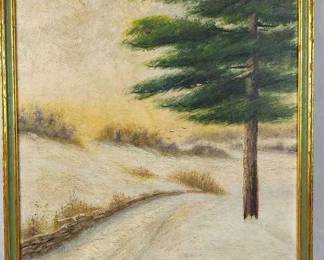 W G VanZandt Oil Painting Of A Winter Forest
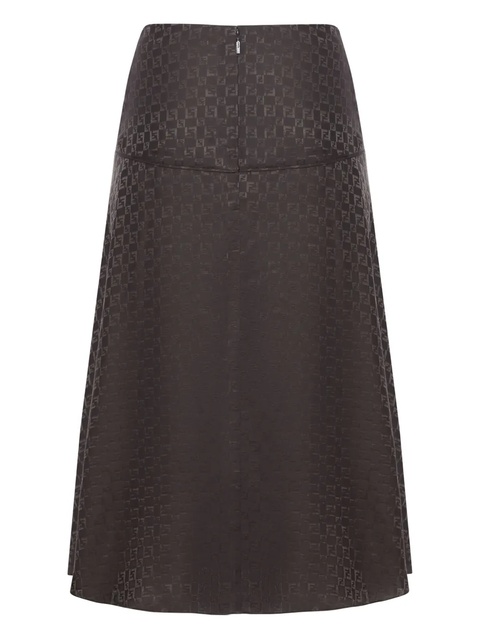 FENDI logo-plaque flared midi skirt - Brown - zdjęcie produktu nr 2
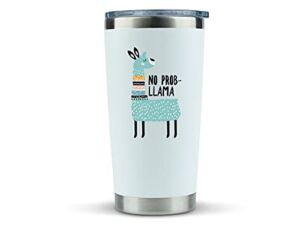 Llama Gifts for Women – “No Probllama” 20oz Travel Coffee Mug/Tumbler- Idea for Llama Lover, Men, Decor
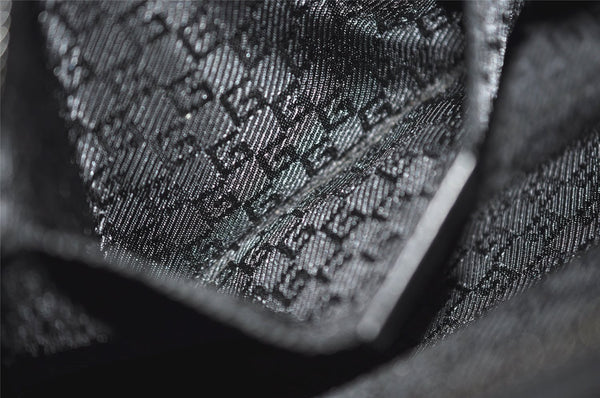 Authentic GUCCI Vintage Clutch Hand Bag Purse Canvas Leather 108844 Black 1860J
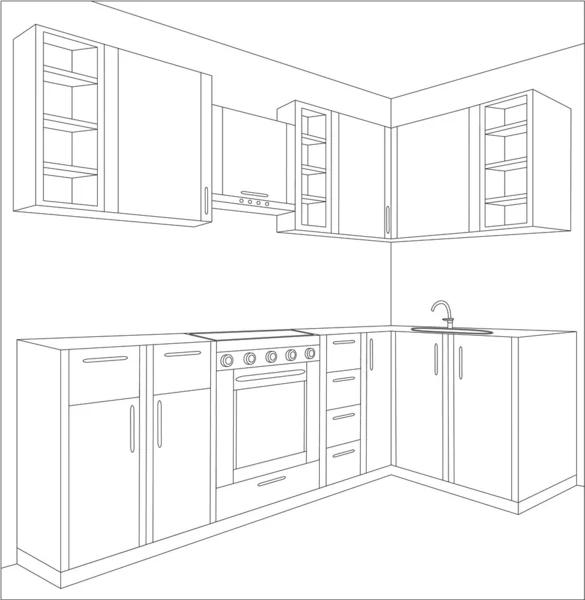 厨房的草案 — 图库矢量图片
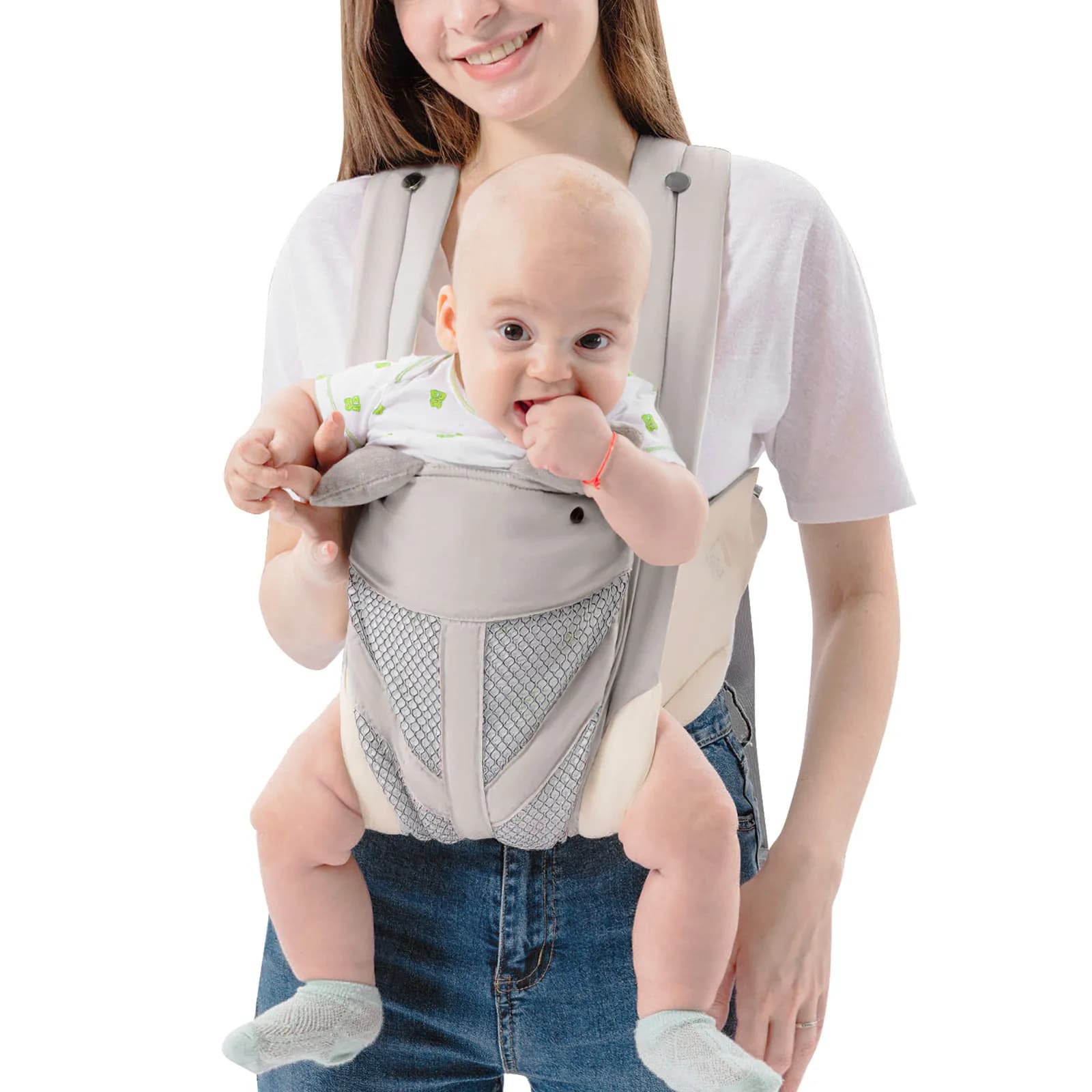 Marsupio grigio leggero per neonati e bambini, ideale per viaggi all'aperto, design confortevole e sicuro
...
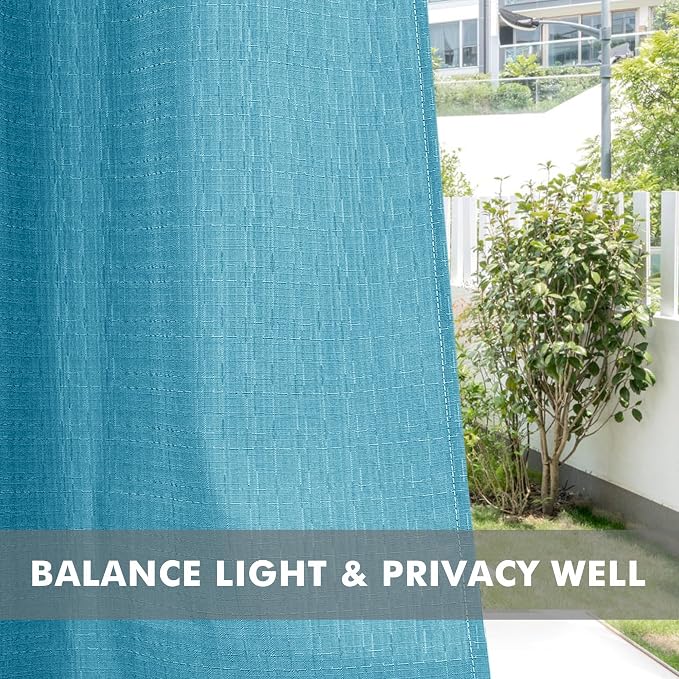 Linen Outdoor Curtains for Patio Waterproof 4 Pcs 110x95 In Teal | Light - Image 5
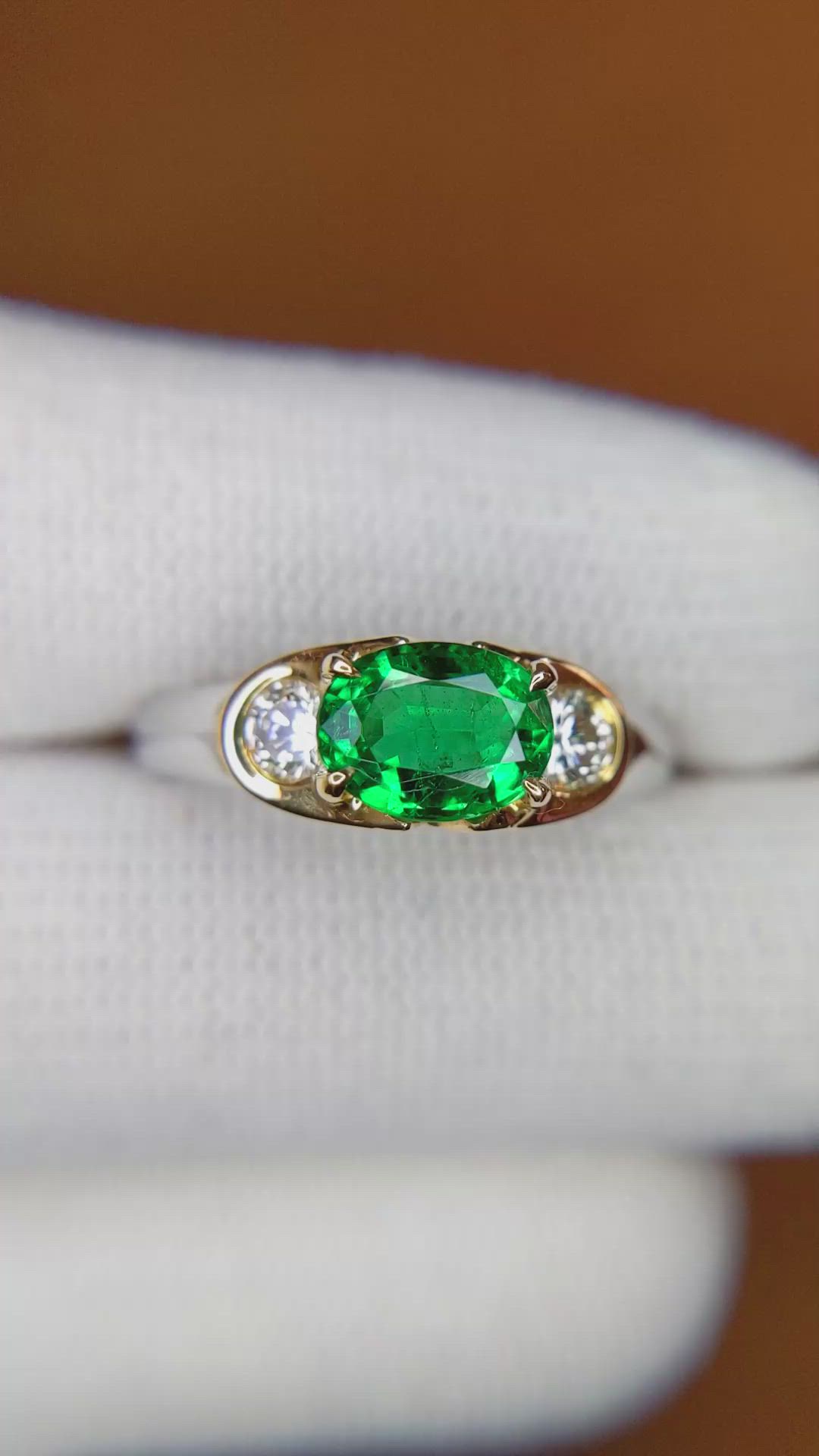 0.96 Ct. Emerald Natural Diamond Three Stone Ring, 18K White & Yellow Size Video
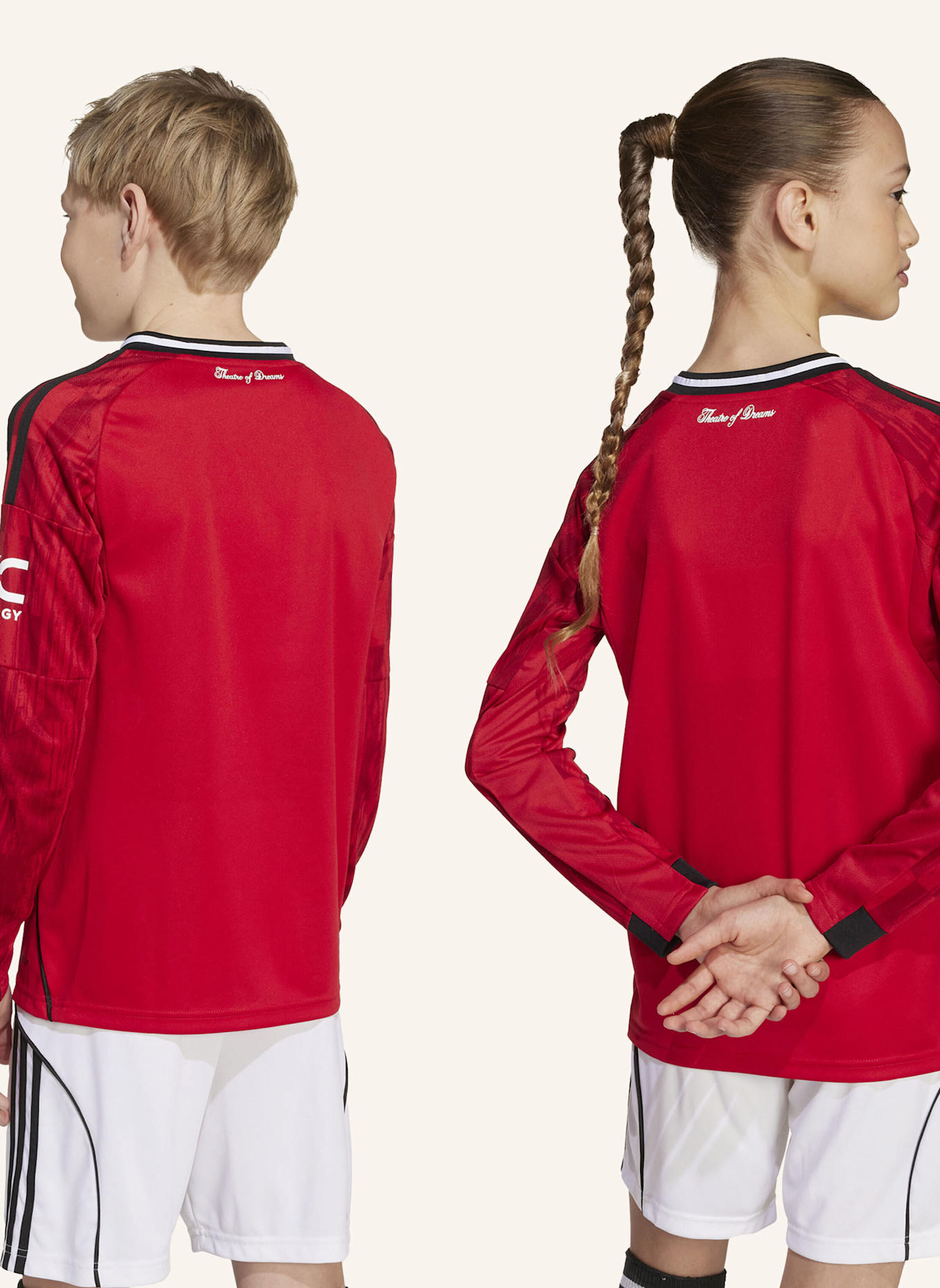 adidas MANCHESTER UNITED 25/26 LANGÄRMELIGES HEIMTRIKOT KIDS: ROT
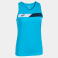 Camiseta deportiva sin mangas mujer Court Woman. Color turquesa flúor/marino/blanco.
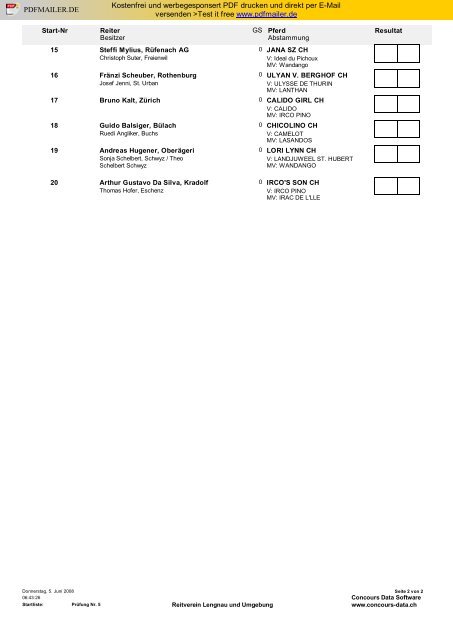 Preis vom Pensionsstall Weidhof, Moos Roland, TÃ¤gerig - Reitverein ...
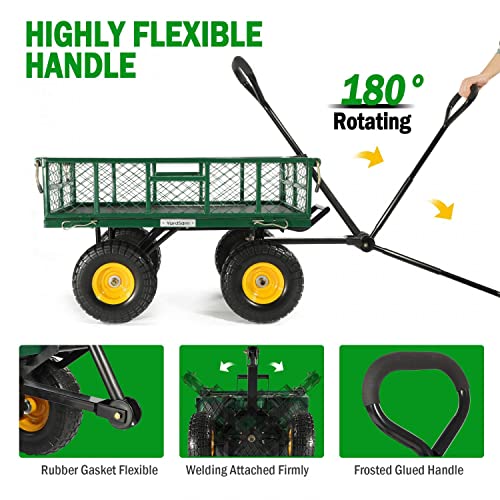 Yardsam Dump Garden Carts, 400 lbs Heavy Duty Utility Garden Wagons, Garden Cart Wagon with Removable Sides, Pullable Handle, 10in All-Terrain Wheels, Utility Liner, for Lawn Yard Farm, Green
...
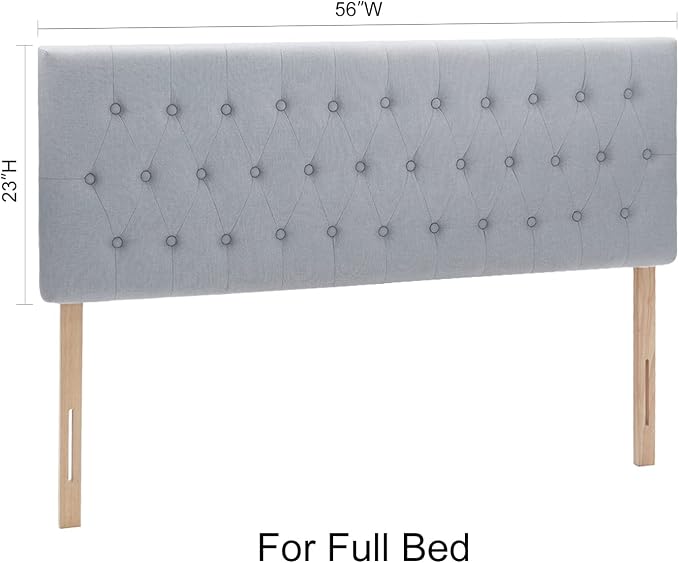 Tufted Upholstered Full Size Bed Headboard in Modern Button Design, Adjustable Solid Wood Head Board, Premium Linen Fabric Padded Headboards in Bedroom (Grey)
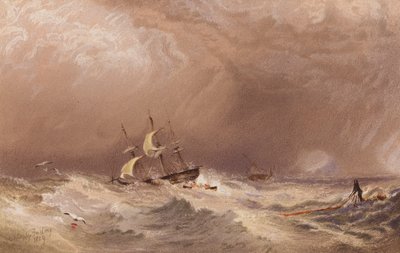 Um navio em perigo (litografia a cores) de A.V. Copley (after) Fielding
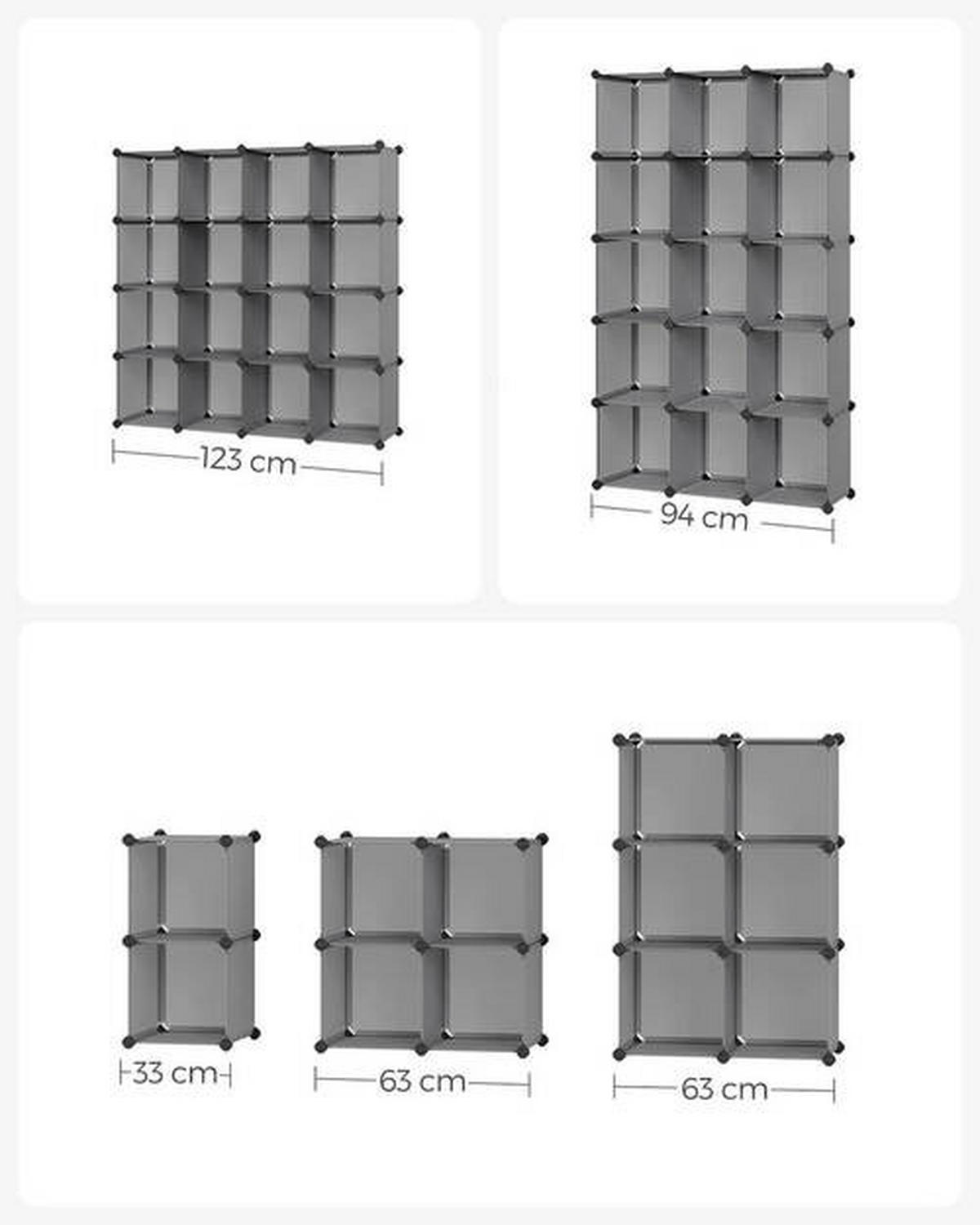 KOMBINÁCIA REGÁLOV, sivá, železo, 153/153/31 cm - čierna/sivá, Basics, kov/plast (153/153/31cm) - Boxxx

[Exercise directions]:
Taking the entries above, extract every line from the one bearing "W G VanZandt Oil Painting Of A Winter Forest" through the one bearing "Marsupio grigio leggero", exactly, with no pictures.

[Solution to the problem]:
 W G VanZandt Oil Painting Of A Winter Forest
 FENDI logo-plaque flared midi skirt - Brown - zdjęcie produktu nr 2
 Llama Gifts for Women – “No Probllama” 20oz Travel Coffee Mug/Tumbler- Idea for Llama Lover, Men, Decor
 Authentic GUCCI Vintage Clutch Hand Bag Purse Canvas Leather 108844 Black 1860J
 厨房的草案 — 图库矢量图片
 Marsupio grigio leggero per neonati e bambini, ideale per viaggi all'aperto, design confortevole e sicuro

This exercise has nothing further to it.